In 1894, McQuesten founded Circle City, Alaska, which developed the largest log cabin district in the North Country. He and Kate set up the Alaska Commercial Company in town. With the frenzy of the Klondike gold rush in 1897, he feared food shortages in Circle City and decided to leave Alaska. He bought some mining claims on Eldorado and Bonanza creeks in the Klondike district as late as 1898, and made a profit. The most successful financially of the trading partners with his various ventures, by 1898 he had become a multi-millionaire.

McQuesten resettled with his family in Berkeley, California, where they purchased a large Victorian mansion for their big family. The youngest several children all attended school there, graduating from Berkeley High School.

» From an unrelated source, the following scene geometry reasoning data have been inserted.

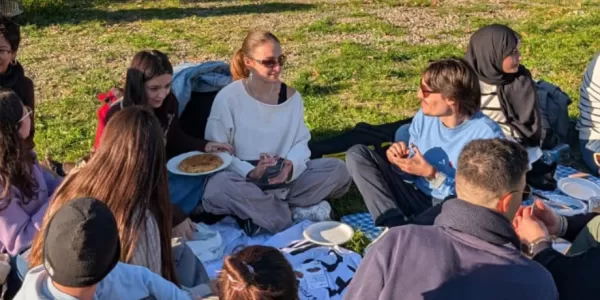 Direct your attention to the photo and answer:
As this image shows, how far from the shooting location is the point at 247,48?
5047 millimetres

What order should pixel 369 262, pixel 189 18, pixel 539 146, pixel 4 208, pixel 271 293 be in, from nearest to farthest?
pixel 271 293, pixel 369 262, pixel 4 208, pixel 539 146, pixel 189 18

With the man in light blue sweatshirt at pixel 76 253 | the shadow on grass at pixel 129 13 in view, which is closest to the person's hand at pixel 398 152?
the man in light blue sweatshirt at pixel 76 253

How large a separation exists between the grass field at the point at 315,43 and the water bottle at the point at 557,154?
1.04 metres

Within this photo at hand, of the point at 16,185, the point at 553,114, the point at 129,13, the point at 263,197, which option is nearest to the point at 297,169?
the point at 263,197

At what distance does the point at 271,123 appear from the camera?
515 cm

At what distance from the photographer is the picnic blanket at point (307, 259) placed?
429 centimetres

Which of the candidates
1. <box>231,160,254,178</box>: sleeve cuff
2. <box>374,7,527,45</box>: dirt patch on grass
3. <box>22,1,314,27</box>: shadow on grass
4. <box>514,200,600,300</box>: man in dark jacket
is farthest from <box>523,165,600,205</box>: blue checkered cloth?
<box>22,1,314,27</box>: shadow on grass

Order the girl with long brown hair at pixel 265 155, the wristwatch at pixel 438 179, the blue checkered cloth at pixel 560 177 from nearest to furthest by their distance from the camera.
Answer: the wristwatch at pixel 438 179 → the girl with long brown hair at pixel 265 155 → the blue checkered cloth at pixel 560 177

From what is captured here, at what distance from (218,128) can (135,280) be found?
2.35m

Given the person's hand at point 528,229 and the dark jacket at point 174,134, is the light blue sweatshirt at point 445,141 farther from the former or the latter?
the dark jacket at point 174,134

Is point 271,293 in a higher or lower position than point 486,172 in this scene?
lower

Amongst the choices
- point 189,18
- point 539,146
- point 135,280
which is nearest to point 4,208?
point 135,280

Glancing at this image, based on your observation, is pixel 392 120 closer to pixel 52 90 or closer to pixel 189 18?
pixel 52 90

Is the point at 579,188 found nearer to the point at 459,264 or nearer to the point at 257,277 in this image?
the point at 459,264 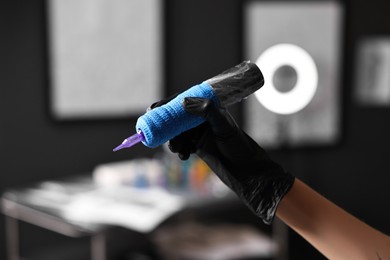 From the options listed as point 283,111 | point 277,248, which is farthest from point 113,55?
point 277,248

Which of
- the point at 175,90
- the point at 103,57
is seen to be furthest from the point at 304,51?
the point at 103,57

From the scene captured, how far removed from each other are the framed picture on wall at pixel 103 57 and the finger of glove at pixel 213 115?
201cm

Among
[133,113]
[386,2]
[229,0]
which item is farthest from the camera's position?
[386,2]

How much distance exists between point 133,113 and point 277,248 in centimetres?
90

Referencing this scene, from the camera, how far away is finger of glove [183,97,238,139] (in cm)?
81

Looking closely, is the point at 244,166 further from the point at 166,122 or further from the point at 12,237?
the point at 12,237

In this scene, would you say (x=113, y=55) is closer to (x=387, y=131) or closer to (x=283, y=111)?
(x=283, y=111)

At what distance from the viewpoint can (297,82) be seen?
285cm

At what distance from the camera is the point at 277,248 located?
9.13ft

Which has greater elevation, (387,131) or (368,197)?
(387,131)

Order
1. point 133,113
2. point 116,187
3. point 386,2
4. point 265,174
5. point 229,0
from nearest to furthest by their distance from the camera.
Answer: point 265,174
point 116,187
point 133,113
point 229,0
point 386,2

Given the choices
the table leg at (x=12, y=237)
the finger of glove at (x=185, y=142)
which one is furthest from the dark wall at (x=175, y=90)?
the finger of glove at (x=185, y=142)

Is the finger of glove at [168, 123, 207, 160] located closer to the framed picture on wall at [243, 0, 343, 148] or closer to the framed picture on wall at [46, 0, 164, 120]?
the framed picture on wall at [46, 0, 164, 120]

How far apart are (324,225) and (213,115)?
22 cm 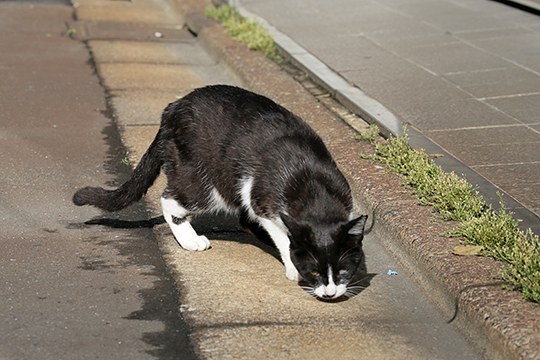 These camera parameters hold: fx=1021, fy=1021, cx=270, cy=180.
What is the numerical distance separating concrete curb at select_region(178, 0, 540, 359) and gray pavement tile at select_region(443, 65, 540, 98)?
4.25ft

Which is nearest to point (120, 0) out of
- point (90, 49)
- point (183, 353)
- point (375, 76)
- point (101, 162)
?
point (90, 49)

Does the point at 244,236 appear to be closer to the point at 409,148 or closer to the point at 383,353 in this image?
the point at 409,148

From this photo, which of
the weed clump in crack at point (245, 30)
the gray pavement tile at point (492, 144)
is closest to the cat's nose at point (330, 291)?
the gray pavement tile at point (492, 144)

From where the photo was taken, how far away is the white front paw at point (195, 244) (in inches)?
220

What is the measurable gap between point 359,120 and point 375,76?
3.86 feet

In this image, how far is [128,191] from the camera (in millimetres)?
5820

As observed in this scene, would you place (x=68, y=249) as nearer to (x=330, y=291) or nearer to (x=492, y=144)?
(x=330, y=291)

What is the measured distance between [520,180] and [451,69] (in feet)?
8.96

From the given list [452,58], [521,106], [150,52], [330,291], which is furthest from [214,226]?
[150,52]

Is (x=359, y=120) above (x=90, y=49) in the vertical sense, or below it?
above

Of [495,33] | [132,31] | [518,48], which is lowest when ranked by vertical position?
[132,31]

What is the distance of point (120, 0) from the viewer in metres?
13.0

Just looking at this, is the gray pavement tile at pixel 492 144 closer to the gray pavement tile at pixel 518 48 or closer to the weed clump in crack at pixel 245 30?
the gray pavement tile at pixel 518 48

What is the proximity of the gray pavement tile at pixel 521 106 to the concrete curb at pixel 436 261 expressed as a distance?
129 centimetres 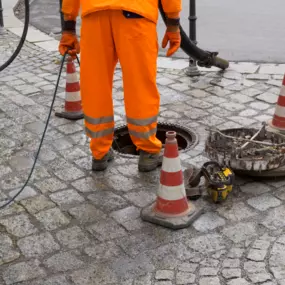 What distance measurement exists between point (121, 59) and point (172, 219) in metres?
1.28

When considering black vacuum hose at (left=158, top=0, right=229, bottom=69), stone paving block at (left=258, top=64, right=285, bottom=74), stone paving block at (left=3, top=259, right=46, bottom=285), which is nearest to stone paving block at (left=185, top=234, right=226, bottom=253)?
stone paving block at (left=3, top=259, right=46, bottom=285)

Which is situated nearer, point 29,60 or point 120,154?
point 120,154

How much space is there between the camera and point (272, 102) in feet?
19.8

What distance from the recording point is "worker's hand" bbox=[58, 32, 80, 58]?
4.70 m

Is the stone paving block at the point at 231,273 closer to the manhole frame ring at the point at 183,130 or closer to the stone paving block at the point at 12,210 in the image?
the stone paving block at the point at 12,210

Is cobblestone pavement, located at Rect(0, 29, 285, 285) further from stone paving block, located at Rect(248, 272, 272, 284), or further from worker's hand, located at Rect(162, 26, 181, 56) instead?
worker's hand, located at Rect(162, 26, 181, 56)

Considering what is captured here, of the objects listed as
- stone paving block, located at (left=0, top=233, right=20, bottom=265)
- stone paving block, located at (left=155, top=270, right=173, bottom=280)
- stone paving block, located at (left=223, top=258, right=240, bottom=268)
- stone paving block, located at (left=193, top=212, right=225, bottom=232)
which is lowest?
stone paving block, located at (left=0, top=233, right=20, bottom=265)

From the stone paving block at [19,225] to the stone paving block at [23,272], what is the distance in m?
0.35

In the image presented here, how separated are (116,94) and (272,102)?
5.70ft

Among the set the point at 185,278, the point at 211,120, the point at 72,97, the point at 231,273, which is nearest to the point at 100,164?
the point at 72,97

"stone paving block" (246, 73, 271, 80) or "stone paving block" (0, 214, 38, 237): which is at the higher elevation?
"stone paving block" (246, 73, 271, 80)

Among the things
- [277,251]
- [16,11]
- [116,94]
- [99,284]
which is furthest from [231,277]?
[16,11]

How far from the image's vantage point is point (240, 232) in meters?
3.79

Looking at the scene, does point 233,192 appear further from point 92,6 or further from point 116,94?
point 116,94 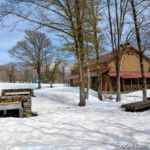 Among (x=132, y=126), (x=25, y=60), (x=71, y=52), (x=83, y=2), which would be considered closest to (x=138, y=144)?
(x=132, y=126)

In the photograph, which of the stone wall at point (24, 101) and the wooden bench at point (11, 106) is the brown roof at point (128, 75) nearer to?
the stone wall at point (24, 101)

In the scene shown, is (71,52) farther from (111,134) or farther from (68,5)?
(111,134)

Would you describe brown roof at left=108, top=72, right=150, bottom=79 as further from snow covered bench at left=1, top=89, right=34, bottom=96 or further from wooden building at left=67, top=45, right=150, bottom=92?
snow covered bench at left=1, top=89, right=34, bottom=96

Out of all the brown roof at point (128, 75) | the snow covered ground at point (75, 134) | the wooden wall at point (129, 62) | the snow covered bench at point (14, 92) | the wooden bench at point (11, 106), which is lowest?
the snow covered ground at point (75, 134)

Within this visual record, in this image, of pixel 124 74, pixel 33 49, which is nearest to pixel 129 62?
pixel 124 74

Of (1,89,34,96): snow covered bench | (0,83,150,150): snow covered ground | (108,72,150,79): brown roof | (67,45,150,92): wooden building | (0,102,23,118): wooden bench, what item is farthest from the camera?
(67,45,150,92): wooden building

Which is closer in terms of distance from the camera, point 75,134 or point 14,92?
point 75,134

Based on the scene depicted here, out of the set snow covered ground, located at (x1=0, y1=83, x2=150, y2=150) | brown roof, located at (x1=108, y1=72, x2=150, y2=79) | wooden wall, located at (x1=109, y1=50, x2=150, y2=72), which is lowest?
snow covered ground, located at (x1=0, y1=83, x2=150, y2=150)

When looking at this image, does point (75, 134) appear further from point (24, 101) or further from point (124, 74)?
point (124, 74)

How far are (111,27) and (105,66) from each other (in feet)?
41.8

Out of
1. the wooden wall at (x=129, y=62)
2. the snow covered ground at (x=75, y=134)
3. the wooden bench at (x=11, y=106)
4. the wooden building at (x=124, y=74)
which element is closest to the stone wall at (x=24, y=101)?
the wooden bench at (x=11, y=106)

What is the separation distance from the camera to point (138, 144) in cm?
376

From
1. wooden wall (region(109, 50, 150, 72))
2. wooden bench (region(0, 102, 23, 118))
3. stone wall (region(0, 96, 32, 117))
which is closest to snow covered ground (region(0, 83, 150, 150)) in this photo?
wooden bench (region(0, 102, 23, 118))

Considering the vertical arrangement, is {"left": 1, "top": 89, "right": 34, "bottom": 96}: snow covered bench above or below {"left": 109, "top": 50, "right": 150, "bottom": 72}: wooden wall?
below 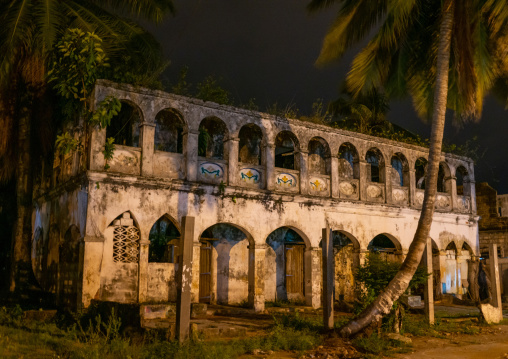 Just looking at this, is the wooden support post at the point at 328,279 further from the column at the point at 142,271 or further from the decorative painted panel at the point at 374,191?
the decorative painted panel at the point at 374,191

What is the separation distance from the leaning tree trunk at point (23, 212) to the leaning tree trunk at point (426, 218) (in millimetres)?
8367

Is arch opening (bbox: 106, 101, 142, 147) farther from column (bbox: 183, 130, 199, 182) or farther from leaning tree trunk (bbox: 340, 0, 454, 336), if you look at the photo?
leaning tree trunk (bbox: 340, 0, 454, 336)

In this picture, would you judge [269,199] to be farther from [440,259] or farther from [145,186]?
[440,259]

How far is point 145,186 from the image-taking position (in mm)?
12797

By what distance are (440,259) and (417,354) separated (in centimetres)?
1023

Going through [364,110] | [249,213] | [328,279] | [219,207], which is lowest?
[328,279]

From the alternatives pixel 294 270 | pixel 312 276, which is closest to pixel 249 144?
pixel 294 270

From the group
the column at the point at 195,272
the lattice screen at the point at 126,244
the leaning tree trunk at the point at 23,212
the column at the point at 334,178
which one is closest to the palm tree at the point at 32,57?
the leaning tree trunk at the point at 23,212

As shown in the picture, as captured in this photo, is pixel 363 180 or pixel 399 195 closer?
pixel 363 180

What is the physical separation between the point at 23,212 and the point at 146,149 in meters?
3.72

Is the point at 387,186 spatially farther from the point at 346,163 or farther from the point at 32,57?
the point at 32,57

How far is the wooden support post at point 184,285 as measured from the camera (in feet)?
25.8

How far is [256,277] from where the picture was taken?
1440cm

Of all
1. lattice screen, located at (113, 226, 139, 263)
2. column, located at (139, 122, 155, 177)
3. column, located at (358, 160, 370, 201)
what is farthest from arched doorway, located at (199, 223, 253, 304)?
column, located at (358, 160, 370, 201) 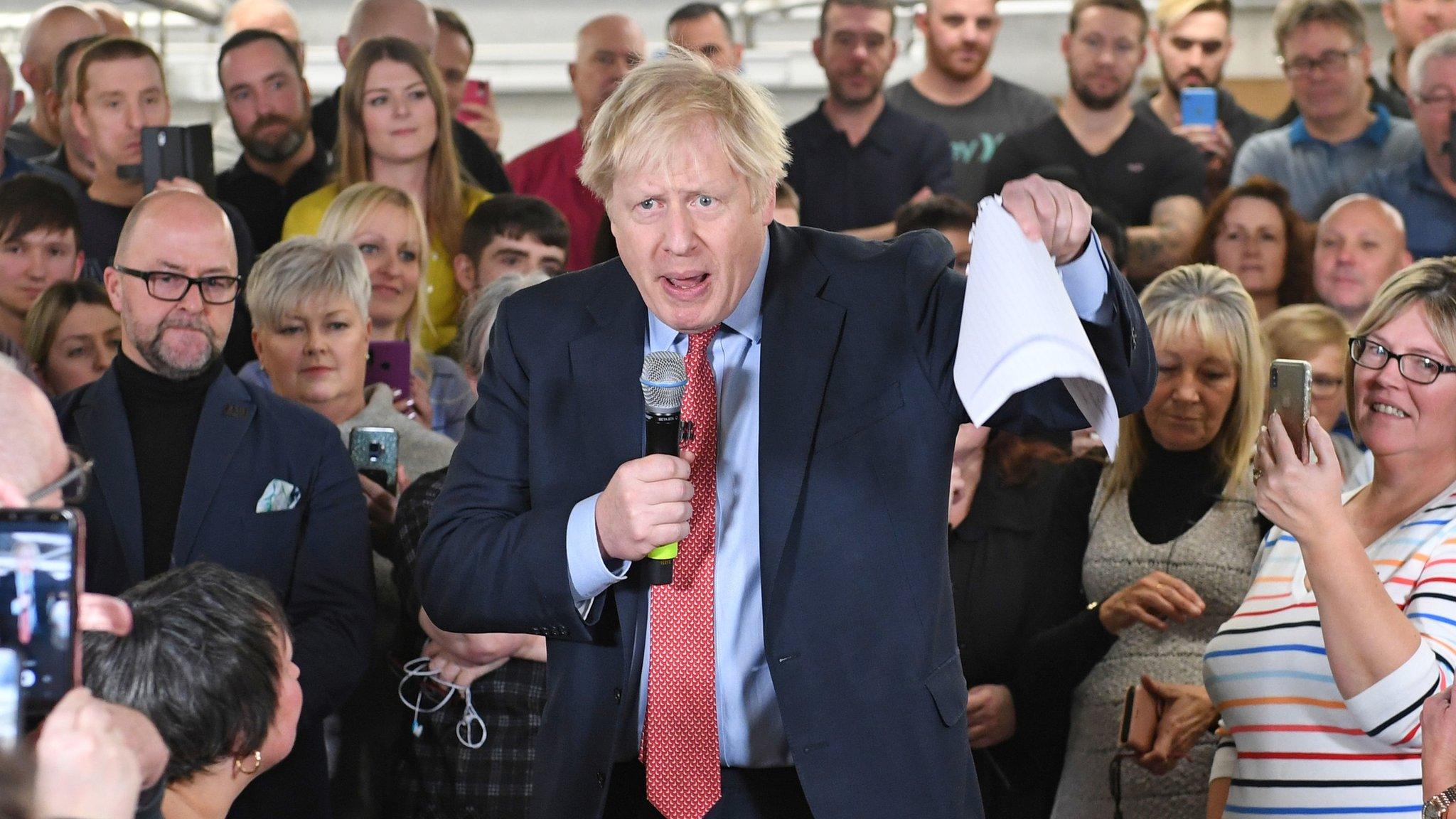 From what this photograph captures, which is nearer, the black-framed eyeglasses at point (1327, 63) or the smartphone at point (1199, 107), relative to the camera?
the black-framed eyeglasses at point (1327, 63)

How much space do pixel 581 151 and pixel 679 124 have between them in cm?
358

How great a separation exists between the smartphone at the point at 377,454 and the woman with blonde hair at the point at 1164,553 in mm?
1374

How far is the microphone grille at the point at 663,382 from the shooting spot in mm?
1865

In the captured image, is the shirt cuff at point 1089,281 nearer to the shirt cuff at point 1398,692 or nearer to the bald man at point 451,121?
the shirt cuff at point 1398,692

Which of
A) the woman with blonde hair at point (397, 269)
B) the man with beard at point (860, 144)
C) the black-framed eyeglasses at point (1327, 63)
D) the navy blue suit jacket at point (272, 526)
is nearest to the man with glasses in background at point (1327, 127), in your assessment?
the black-framed eyeglasses at point (1327, 63)

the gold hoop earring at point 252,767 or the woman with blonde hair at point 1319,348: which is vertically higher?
the woman with blonde hair at point 1319,348

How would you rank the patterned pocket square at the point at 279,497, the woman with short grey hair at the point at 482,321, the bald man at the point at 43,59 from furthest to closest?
1. the bald man at the point at 43,59
2. the woman with short grey hair at the point at 482,321
3. the patterned pocket square at the point at 279,497

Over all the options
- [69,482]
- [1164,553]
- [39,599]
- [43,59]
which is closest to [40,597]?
[39,599]

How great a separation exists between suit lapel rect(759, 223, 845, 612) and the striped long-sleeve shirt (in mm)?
924

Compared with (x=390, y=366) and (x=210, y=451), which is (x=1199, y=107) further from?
(x=210, y=451)

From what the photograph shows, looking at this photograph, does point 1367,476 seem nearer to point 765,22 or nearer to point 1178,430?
point 1178,430

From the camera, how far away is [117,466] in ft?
9.96

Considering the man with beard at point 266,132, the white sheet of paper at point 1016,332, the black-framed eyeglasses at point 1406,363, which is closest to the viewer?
the white sheet of paper at point 1016,332

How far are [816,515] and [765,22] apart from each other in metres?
8.25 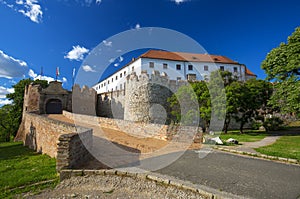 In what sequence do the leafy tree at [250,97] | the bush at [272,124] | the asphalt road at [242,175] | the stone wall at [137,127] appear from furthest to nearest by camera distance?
the bush at [272,124] → the leafy tree at [250,97] → the stone wall at [137,127] → the asphalt road at [242,175]

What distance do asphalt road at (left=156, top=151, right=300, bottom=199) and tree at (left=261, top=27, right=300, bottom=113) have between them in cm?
607

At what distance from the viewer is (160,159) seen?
5500 millimetres

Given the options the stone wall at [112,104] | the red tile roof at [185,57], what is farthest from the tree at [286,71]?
the red tile roof at [185,57]

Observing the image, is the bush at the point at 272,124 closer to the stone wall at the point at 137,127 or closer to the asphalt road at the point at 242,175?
the stone wall at the point at 137,127

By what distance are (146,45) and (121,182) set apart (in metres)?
8.76

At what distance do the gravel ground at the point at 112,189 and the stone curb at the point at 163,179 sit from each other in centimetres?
7

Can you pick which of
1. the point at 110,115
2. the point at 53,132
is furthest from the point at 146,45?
the point at 110,115

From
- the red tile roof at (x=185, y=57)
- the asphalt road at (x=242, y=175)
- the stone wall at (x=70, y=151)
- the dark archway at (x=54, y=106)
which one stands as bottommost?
the asphalt road at (x=242, y=175)

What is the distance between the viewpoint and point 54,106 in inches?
984

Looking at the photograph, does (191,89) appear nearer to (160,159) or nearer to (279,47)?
(279,47)

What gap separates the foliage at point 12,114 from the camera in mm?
26409

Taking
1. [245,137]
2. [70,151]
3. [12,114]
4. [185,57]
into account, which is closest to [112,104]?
[12,114]

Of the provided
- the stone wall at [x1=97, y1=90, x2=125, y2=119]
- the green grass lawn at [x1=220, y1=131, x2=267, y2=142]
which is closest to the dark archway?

He wrote a memoir, Recollections of Leroy N. McQuesten, Life in the Yukon 1871-1885 (1952), which was published posthumously from his original manuscript held by the Yukon Order of Pioneers. It was reprinted in 1977 by Star Printing of Whitehorse, Yukon.

==Legacy==
- A tributary of the Yukon River is named McQuesten River in his honor.
- A mountain range is named after him.
- An airstrip near Moose Creek on the Klondike Highway is named after him.
- The area is the location of the so-called McQuesten Mineral Belt.
- "Yukon Jack", the 100-proof Canadian whiskey and honey-based liquor, was named after McQuesten.
- He was selected for the Alaska Mining Hall of Fame.